Should you invest in international funds?

These funds offer the benefit of diversification, but consider the risks too

Use these funds for some tactical allocation when there is a strong case for a particular market to do well

If you were to sort all equity mutual funds available for retail investment by their one-year performance, international funds would come on top. The best performing funds in this category gave one-year returns of over 20%, as on 30 April. In comparison, exchange-traded funds and index funds that tracked the Sensex gave returns of less than 15% in the same period, while activelymanaged equity funds fared badly with the top five largecap funds giving an average return of around 9% and multi-cap funds faring marginally better at 10%. Should international funds then make it to your portfolio?


International funds invest primarily in securities of foreign companies listed in foreign markets.

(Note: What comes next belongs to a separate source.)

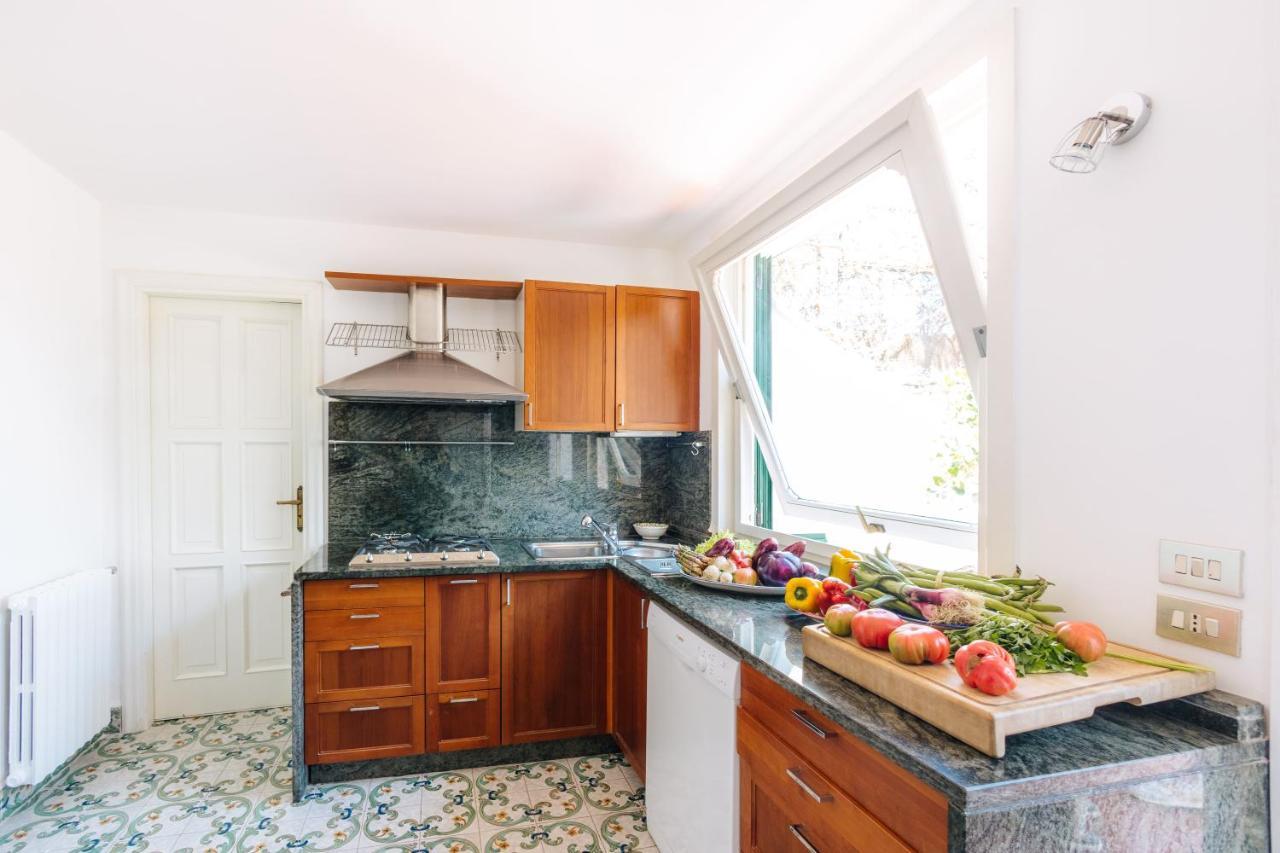 Eden Villa Sorrento Bagian luar foto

But they differ on structure, the markets they invest in and the type of asset class they take exposure to.

There are international funds that invest directly in international stocks, and others that invest in international indices such as the Nasdaq or the S&P 500. There are some that act as feeder funds which invest in an identified mutual fund in the international market. Then there are fund of funds that invest in units of international funds.

“From an investor’s perspective, whether the fund creates its own portfolio, like the ICICI Prudential US Bluechip Fund (actively managed) or whether it is a feeder fund like the ICICI Prudential Global Stable Equity fund, which feeds into Nordea 1 – Global Stable Equity Fund Unhedged, an investor here gets the opportunity to achieve currency and geographical diversification,” said Priyanka Khandelwal, fund manager at ICICI Prudential AMC. “There is no real cost advantage in either structure. However, a feeder fund that invests in an ETF will have lower costs,” she added.

The geographies or markets in which they invest is another basis for categorization. Some funds that focus on a single economy, while some others invest across geographies.

Themes are another way to categorize an international fund. Some invest in emerging markets, while others in commodities and so on.


The principal advantage international funds offer is that of diversification.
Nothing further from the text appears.